Posts Tagged ‘San Diego’

Resisting a mass ADA filer

Businesspeople in rural Alpine, Calif., are trying to organize for self-protection against San Diego County attorney Theodore Pinnock, who’s filed at least thirty disabled-rights complaints against enterprises in the town. “Last year, he sent 67 letters to businesses in the historic town of Julian, alleging violations of ADA accessibility requirements. At that time, he demanded between $2,500 and $4,000 in attorneys fees from each of the businesses.” (Jennifer Morse Roback, “Standing up to the disability police”, syndicated/TownHall.com, Apr. 10). More on California ADA filing mills: Mar. 18, May 31, and Jul. 12, 2005, among many others.

Coaching police experts

Lawrence Taylor at DUIblog (Mar. 17, via Cernovich) has got the goods on a coaching memo given by the San Diego Police Department to the technical experts they put on the stand to testify as to drivers’ blood-alcohol levels (emphasis in original memo):

You will always mix any tube with an anticoagulent [sic] 10 times (you count the inversions). The important things to remember is that you always follow the same procedure, so even though you don’t remember this particular individual, you know that you drew the person following our standard procedure.
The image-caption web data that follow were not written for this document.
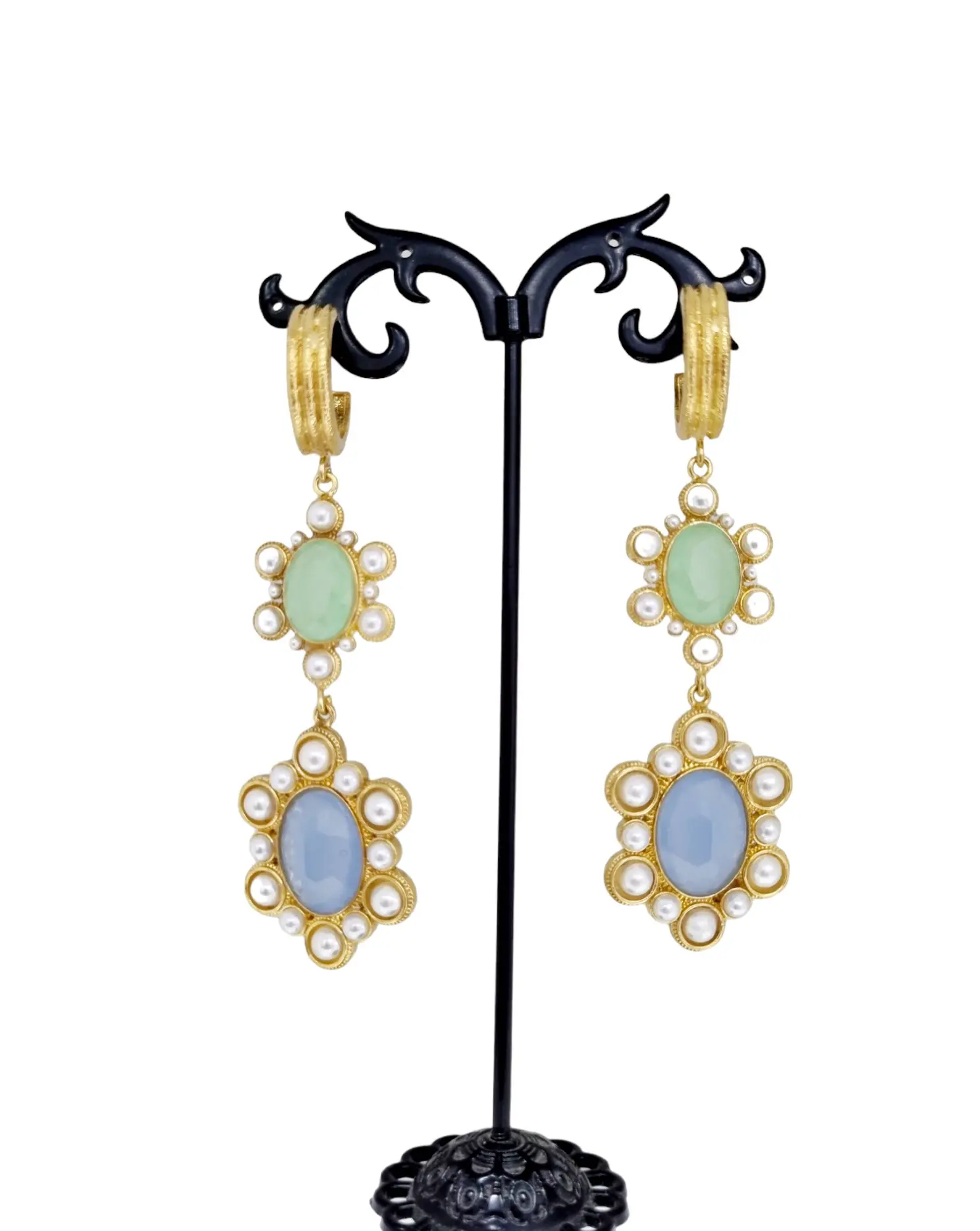 Earrings made with pastel natural stones set in brass. Length 9cm Weight 16.8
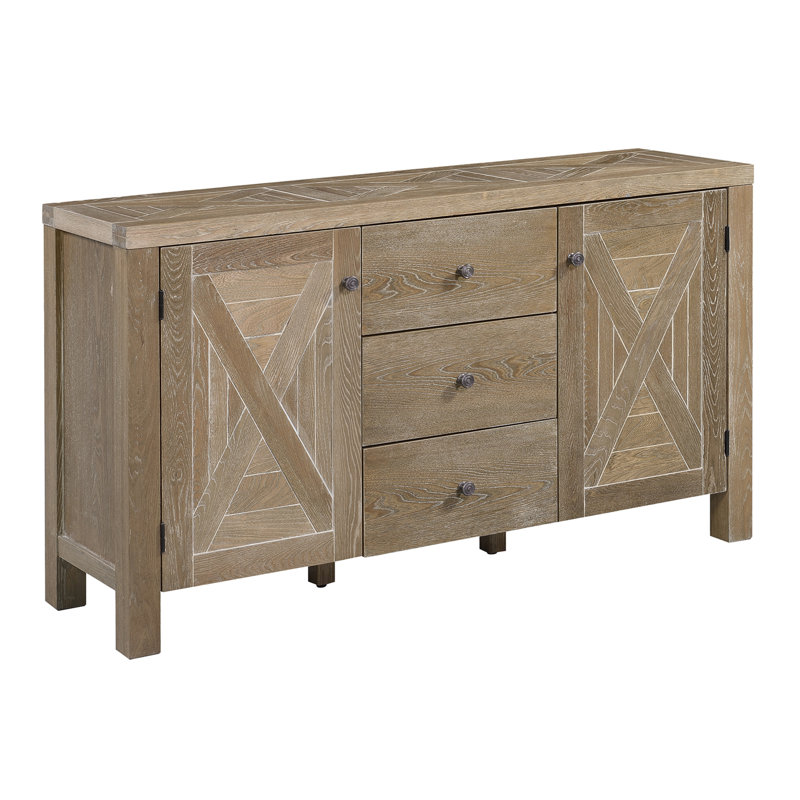 French Elm Weathered Wood Sideboard with Farmhouse Charm
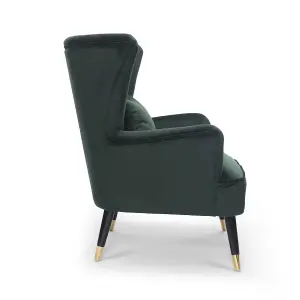 Velvet Bottle Green Camila Accent Wingback Chair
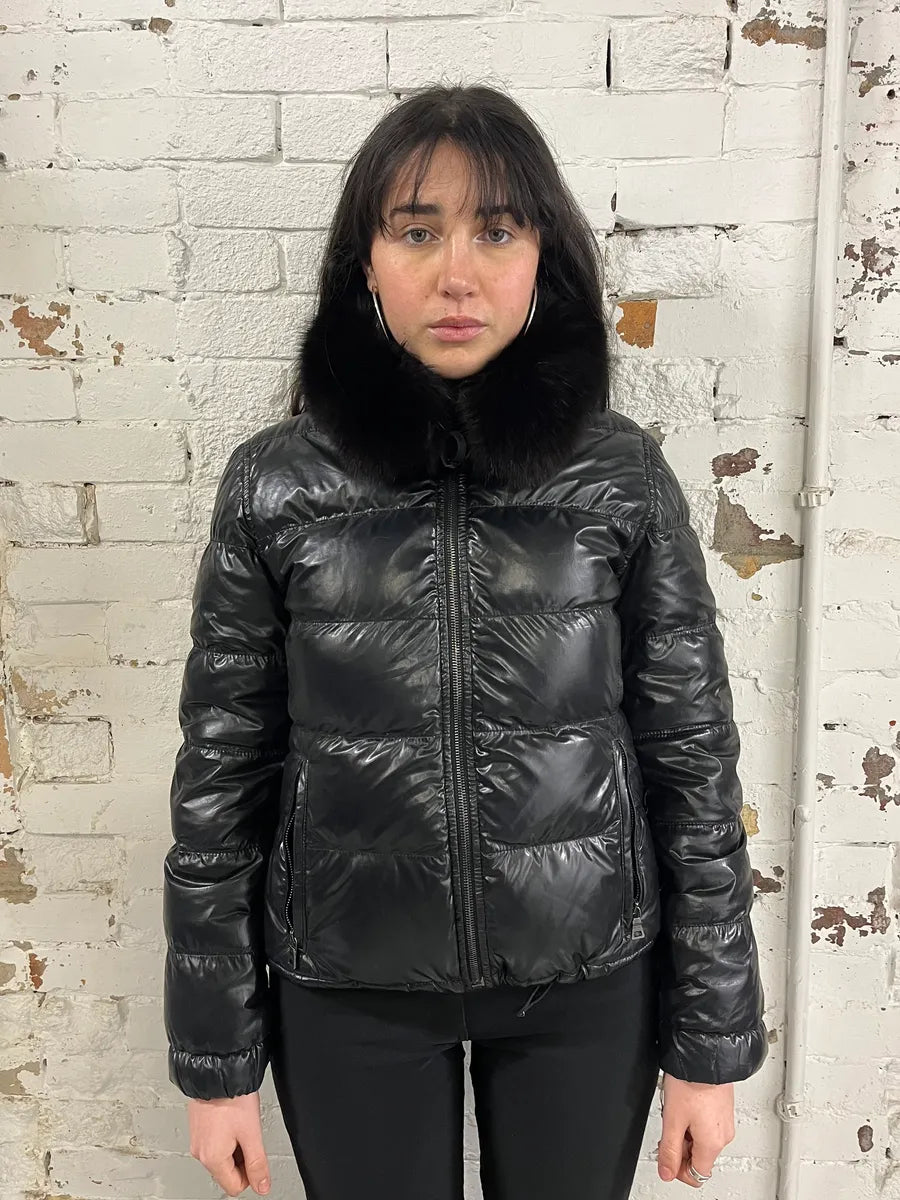 2000s Prada Fur Collar Black Puffer Jacket IdRLmNv 1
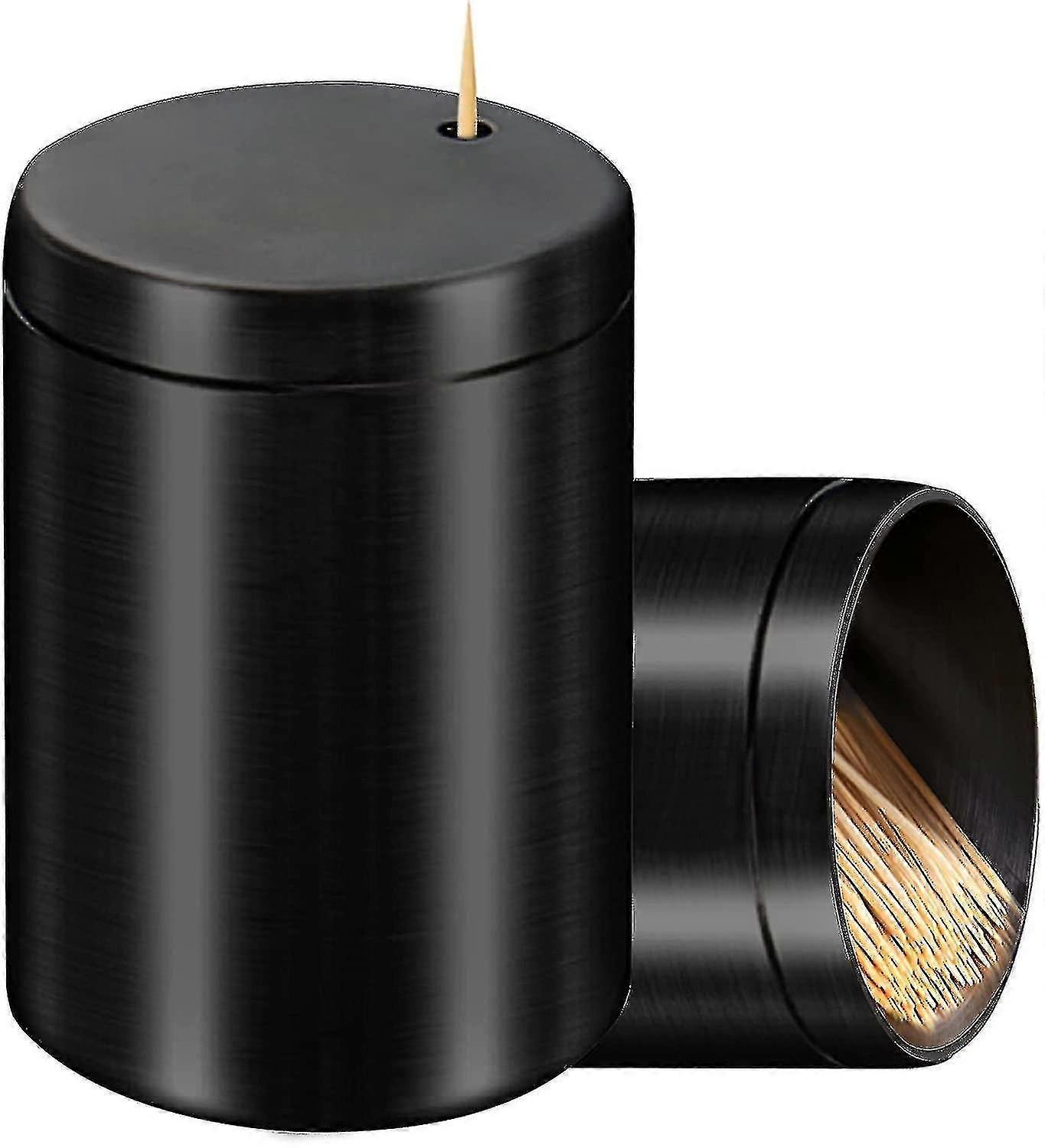 Dispenser porta stuzzicadenti in acciaio inossidabile, contenitore per stuzzicadenti addensante argento (colore: nero)
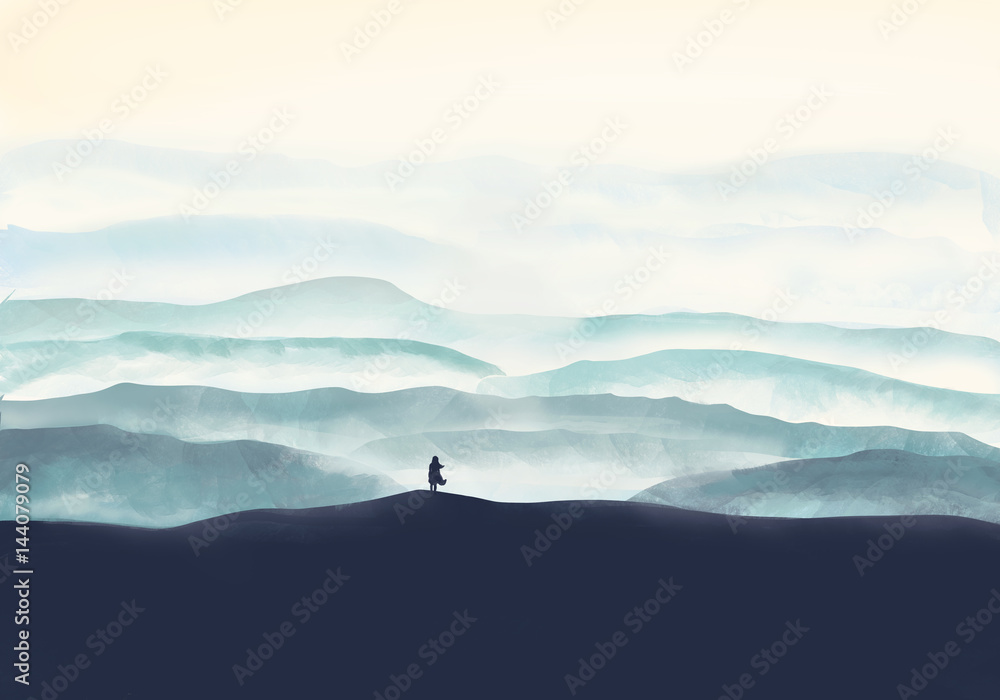 Abstract illustration. Girl looks at the mountains. Digital painting.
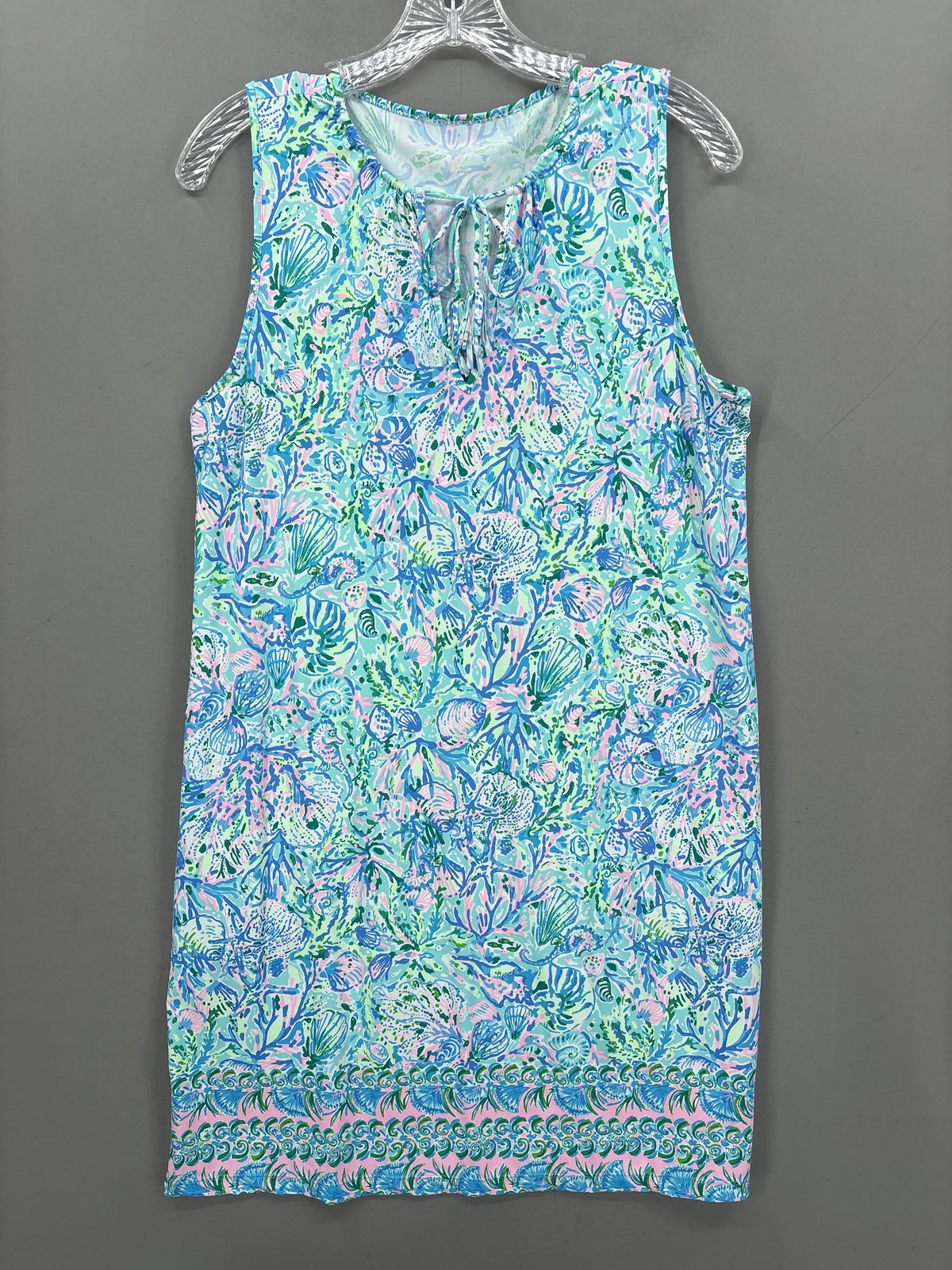 Lilly Pulitzer Dress Medium Blue Green Sea Life Shift Tank Keyhole Johana Preppy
As Taylor observes, the witnesses are instructed to testify under oath to an account calculated to help the prosecution prevail, “not as to what they actually did and what they know to be true in a specific case”.

For more on witness-coaching, see Sept. 10, 1999, Sept. 22-24, 2000, and, of course, our many entries on the famous Baron & Budd witness memo scandal.

County 25% responsible for employee’s murder of husband

In a sensational 2002 murder trial with echoes of the film “American Beauty”, Kristin Rossum was found guilty of poisoning husband Gregory de Villers and trying to make his death look like a suicide. Now a lawyer for de Villers’ family has convinced a jury that Rossum’s employer, San Diego County, should be held 25 percent responsible for $6 million in resulting wrongful-death damages. Rossum had access to lethal drugs through her work as a toxicologist for the county, and had not been subject to background screening; she relapsed into methamphetamine use a week before the murder. “It is not the duty of the county of San Diego to prevent a wife from murdering her husband,” said Senior Deputy County Counsel Deborah A. McCarthy, who predicted that the county would succeed in overturning the verdict on appeal. “If this case stands, it will expand public liability in a way the state of California never envisioned.” (“Millions of Dollars Awarded to Family of Man Killed by Toxicologist Wife”, North County Times, Mar. 20)(via Childs). Update Jul. 2: judge cuts verdict.

California school exit exams

“If you’re passing all of your classes but you can’t pass the state’s high school exit exam–even after many tries and even though it’s based on 8th, 9th, and 10th grade skills–do you blame the school system that passed you despite your lack of knowledge or do you blame the test? A group of California parents and students have chosen the latter and are suing the state.” They’re represented by a lawyer from high-toned Morrison and Foerster, too. (A Constrained Vision, Feb. 20; Debra Saunders, “Passing the High School Test”, San Francisco Chronicle/RCP, Feb. 16; Ruben Navarrette Jr., “Lunacy in Our School Districts”, San Diego Union-Tribune/RCP, Feb. 19). Update May 15: judge rules in favor of plaintiffs.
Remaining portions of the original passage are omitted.